So you get home after a grueling day at work or school (or both in my case) and sit down at the computer to your favourite game, a few hours tick by, a couple monsters collapse in a pile of decaying [in 3minutes] flesh. You feel relaxed. Wrong!

You feel stressed by the 2 idiots that kept shooting their weapons at everything that moved, your emotions are going nuts by the guild members who say you are not pulling your weight, your eyes are still darting around trying to find that damn mob you need to finish the quest. Seriously, if you are not stressed then you got something wrong.

Body [clock]

I have found over the last several years of gaming that the rule of one day of rest recommended by doctors, Jews, Christians, and Muslims [that is an extremely large slice of the population] does not just apply to work, it also applies to gaming.

For a long while I was finding myself gaming every day, especially on my 'days off' and then wondering why I was so worn out at work. It was nto until last year that I went on a gaming sabbatical for three months that I realised how worn out games were making me. My work stopped becoming a droning wasteland and I began to sleep better and wake up more easily. I then began MMOs again.

After testing several MMOs I arrived at several conditions that make an MMO more relaxing.

1. Guilds are stressful. Such emotional drains can be extremely exhausting. While some guilds are great, even the best ones can lead you to complain to your wife constantly how 'Xerxes' [no one I know] is secretly trying to depose you from council and 'Juan' is totally ruining the fabric of the guild. I have found that a friend list is much less stressful than a guild, unless you got a guild in name only, or a family (real life) guild.

2. Instances make me angry. Really that should read 'people make me angry' because it is not the instances that cause anger, it is those that stuff it up. Most game instances are just a melting pot waiting to explode and recognising this and quitting early is a good quality to have. Saying this, Tabula Rasa instances I found never had this problem due to the open nature.

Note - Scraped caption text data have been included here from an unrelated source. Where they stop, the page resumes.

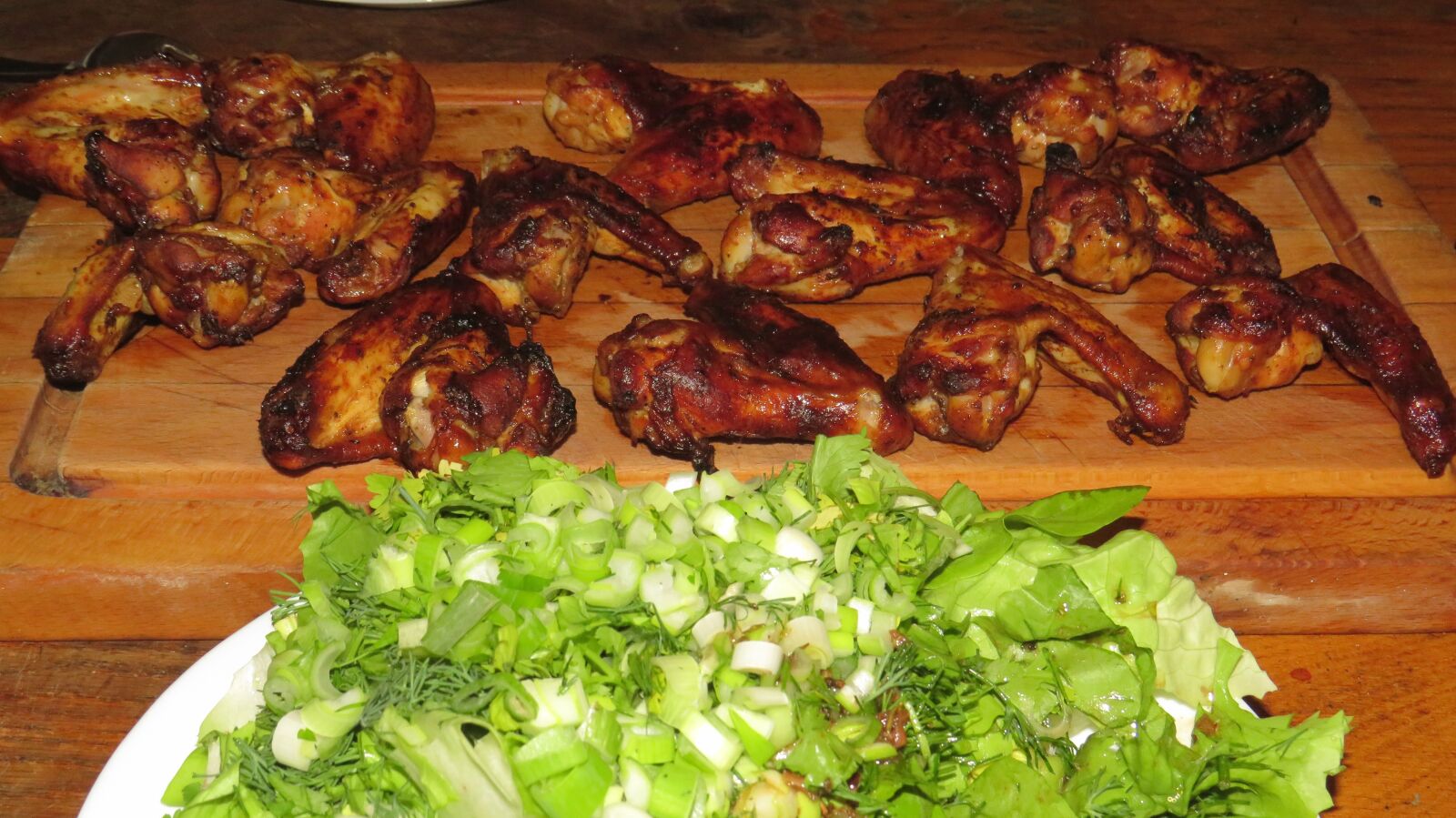 Canon PowerShot SX540 HS sample photo. Chicken wings, salad, healthy photography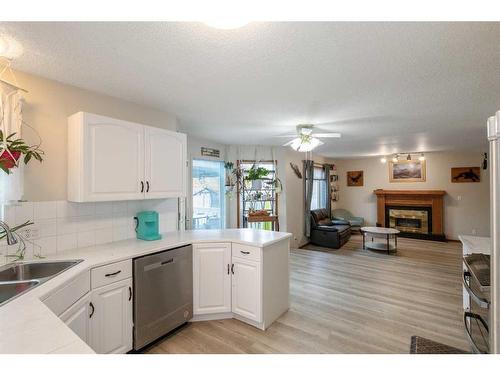 6027 69 Avenue, Rocky Mountain House, AB - Indoor Photo Showing Kitchen With Double Sink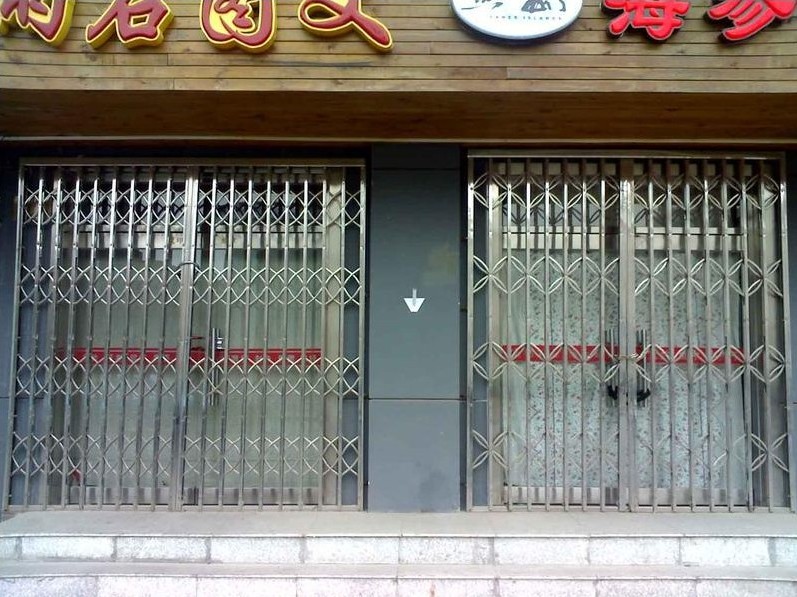 四川广元一处门面房一左一右拉闸门工程案例 - 中出网-智能出入口门户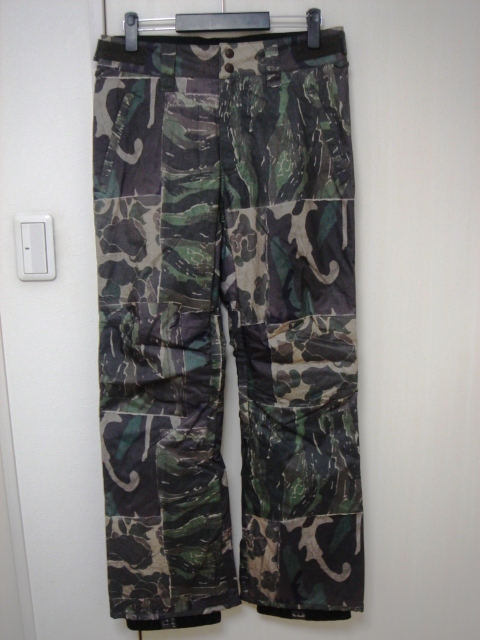 BILLABONG ビラボン AH01M705CMM メンズ Sサイズ スノーボードウエア スノボ パンツ SnowboardWearPants カモ柄 Camo 迷彩色 新品 送料無料_前身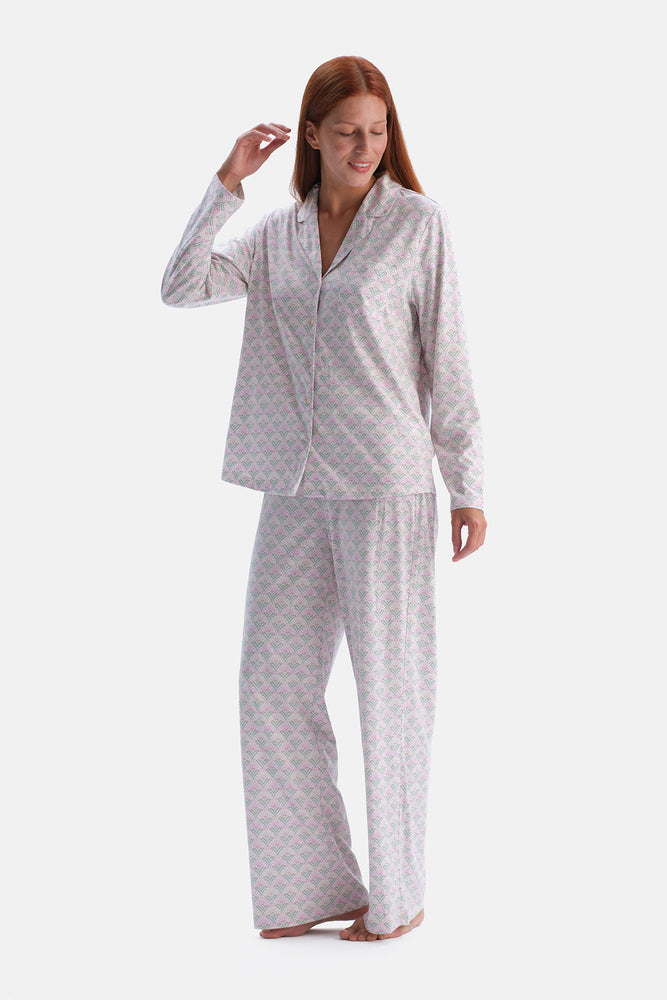 GEOMETRİK ÇİÇEK DESENLİ GÖMLEK PANTOLON TAKIM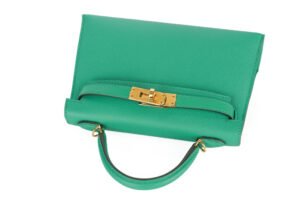 Hermès Mini Kelly Vert Jade Epsom Gold Hardware - Image 8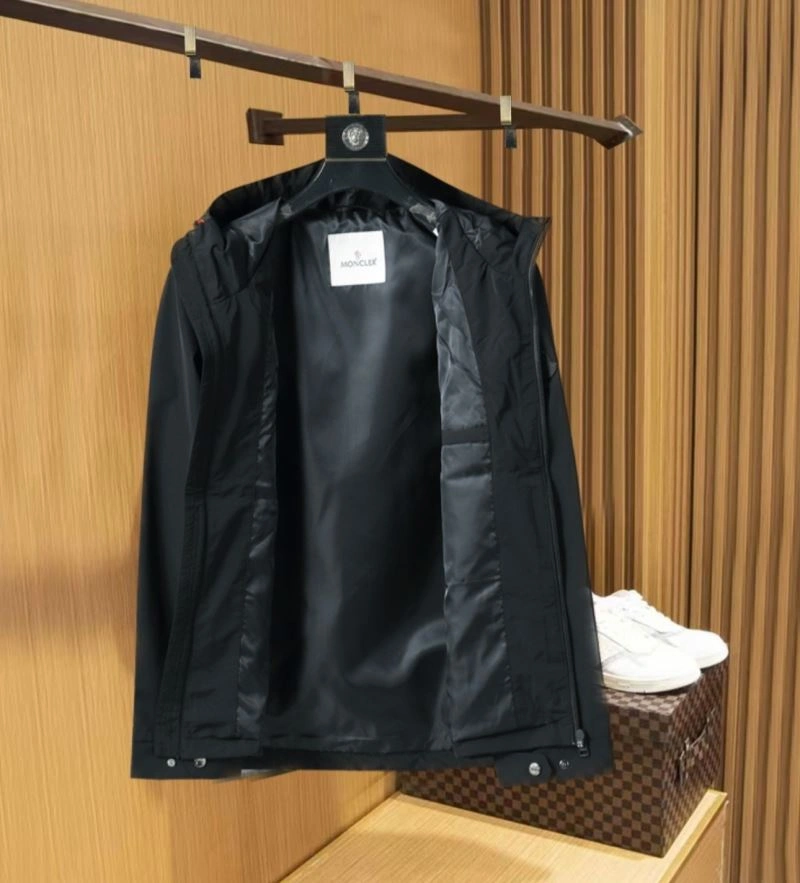 Durable Moncler Outwear 141145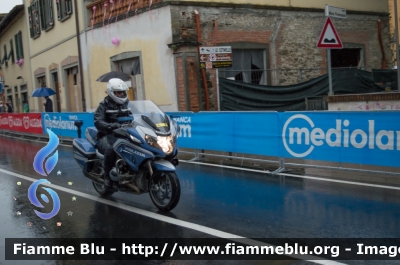 Bmw R1200RT II serie
Polizia di Stato
Polizia Stradale
in scorta al Giro d'Italia 2016
POLIZIA G2664
Parole chiave: Bmw R1200RT_IIserie POLIZIAG2664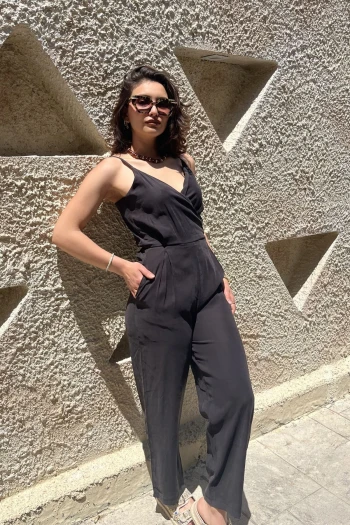Siyah Askılı Tulum
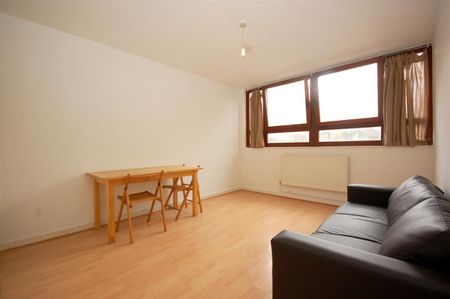 1 bedroom Flat To Let - Photo 4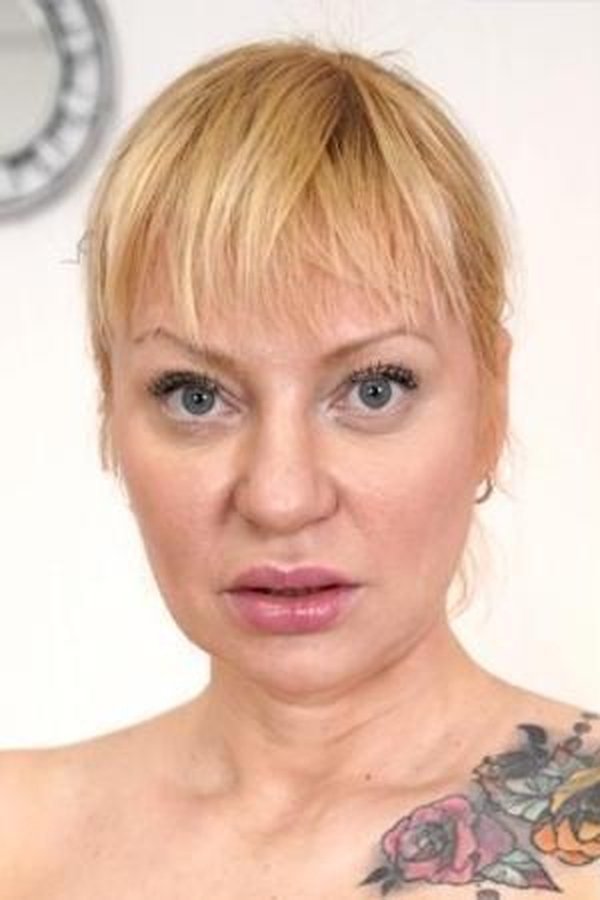 Anna Blond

3. PuGs rock! the great thing about a PuG is you don't have to worry about pissing someone off, not only that but if you are not worrying then people like you more. While many people claim they get angry with PuGs I find that at least it is less stressful than people you know. When they are bastards you just ignore them and there is no consequences for your social life.

4. Family gaming is best. When you have a wife that is a gamer like me you quickly learn that gaming stops being a chore when you make it into family time. nothing is more relaxing than having your wife tear apart a giant spider while you heal her. It is so beautiful tears are coming to my eyes, I can't wait to have kids and watch them feast on dragons.

5. One day of rest. As mentioned above, I usually have one day a week of rest from gaming. Sometimes this day falls on a normal work day, and sometimes it falls on a weekend, either way it gives me time to relax, sit back and read a book, write, or just watch a soppy movie about a bunch of Americans who just saved each other  while everyone else died.

Conclusion

Since I have started watching my gaming and taking a bit of time out I can attest to improving my work, waking up more easily, and finding more time to do more useful things. I, and those around me, would still say I am a serious gamer, but I am more casual about it, perhaps this is the definition of a casual gamer? The ability to say "I need a rest, no gaming today!"